The fighting between Turkish and Syrian troops is the bloody outcome of the repeated maneuvers and strategic shifts carried out by the imperialist powers during this decade of war.

Initially, the imperialist powers led by Washington, the Persian Gulf oil sheikdoms and Turkey poured tens of thousands of Al Qaeda-linked Islamists into Syria, especially through Turkey—a process coordinated by the CIA that created the Islamic State of Iraq and Syria (ISIS), Washington’s own Frankenstein’s monster. In 2014, after ISIS invaded Iraq from Syria, threatening Washington’s Iraqi puppet state, the NATO powers launched a renewed intervention in Iraq and Syria in a so-called “war against ISIS.”

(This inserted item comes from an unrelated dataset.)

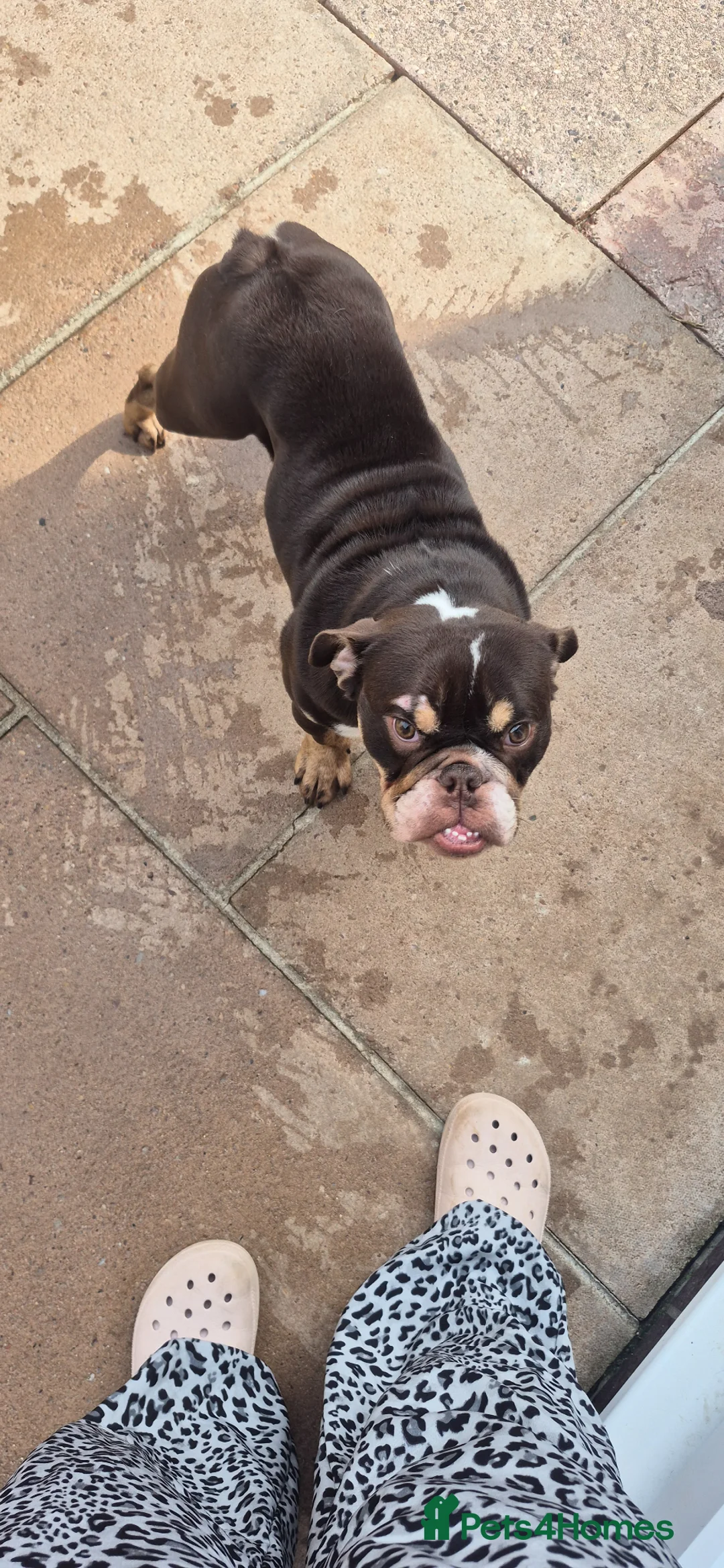 English Bulldog dogs for sale: Female english bulldog pup kc registered  - Advert 2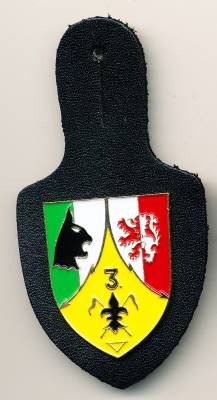 Brustanhänger 3./Panzeraufklärungsbataillon 2 HESSISCH-LICHTENAU, Relief, Stacheln, Hummel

With their Islamist allies in Syria divided and defeated, the imperialist powers made the Kurdish-nationalist People’s Protection Units (YPG) militia their main proxy force inside Syria. However, Ankara saw the YPG, linked to the Kurdistan Workers Party (PKK), against which Ankara has fought a bloody counterinsurgency in southeast Turkey for the last 35 years, as a fundamental threat to Turkey’s territorial integrity. Erdoğan moved closer to Moscow against the YPG, leading to the US- and German-backed coup attempt in July 2016 and to repeated Turkish incursions against the Kurdish forces in northern Syria.

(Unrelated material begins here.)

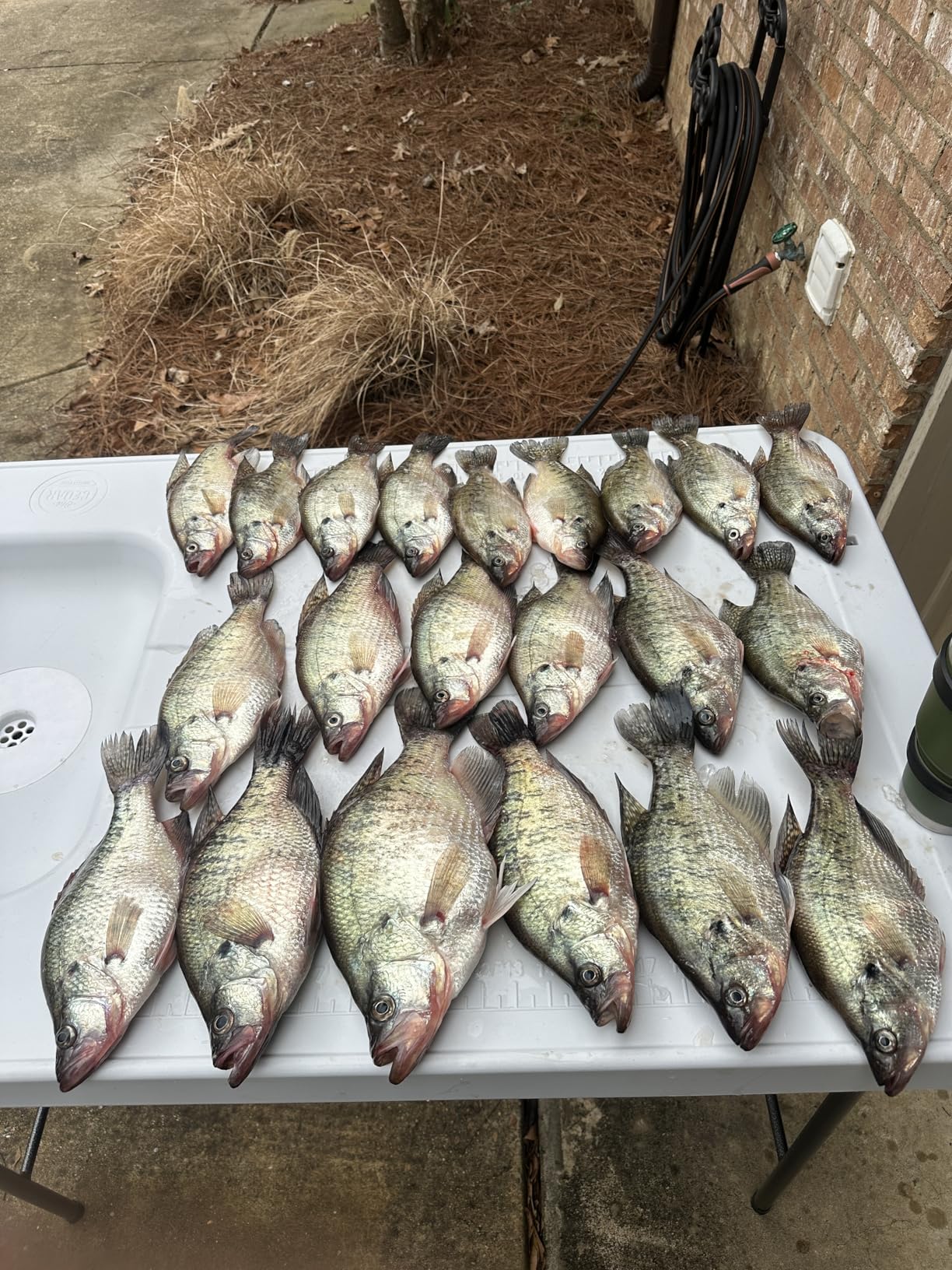 Premium, Extra-Large Fish and Game Cleaning Table with Sink and Folding Legs customer photo 2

Last year, Washington abandoned its Kurdish proxies in northern Syria, after which both Turkish and Syrian regime forces invaded the area. As the World Socialist Web Site warned at the time, “As the Syrian army backed by Iran marches north to meet Turkish invasion forces and their Al Qaeda-linked Syrian ‘rebel’ allies, the Middle East and the world are on the brink of all-out war. … Turkey has plunged into the maelstrom produced by three decades of imperialist war in the Middle East.”

While Moscow negotiated an unstable truce between Turkish and Syrian government forces in the region last year, this truce is now on the verge of collapse—notably as tensions surge between Turkey and Russia in Libya, where they are backing rival sides of the civil war triggered by the 2011 NATO war.

Above all, Washington is still escalating tensions in Syria as it threatens Iran with a region-wide war. It continues to occupy the oil and gas fields of Syria’s northeastern Deir Ezzor province with its YPG proxies and has inflamed tensions throughout the region with its drone murder of Iranian General Qassem Suleimani on January 3 in Baghdad. These policies, part of a large-scale preparation for “great power” conflict with Russia and China across the Middle East are bringing the world to the brink of all-out war between nuclear-armed powers.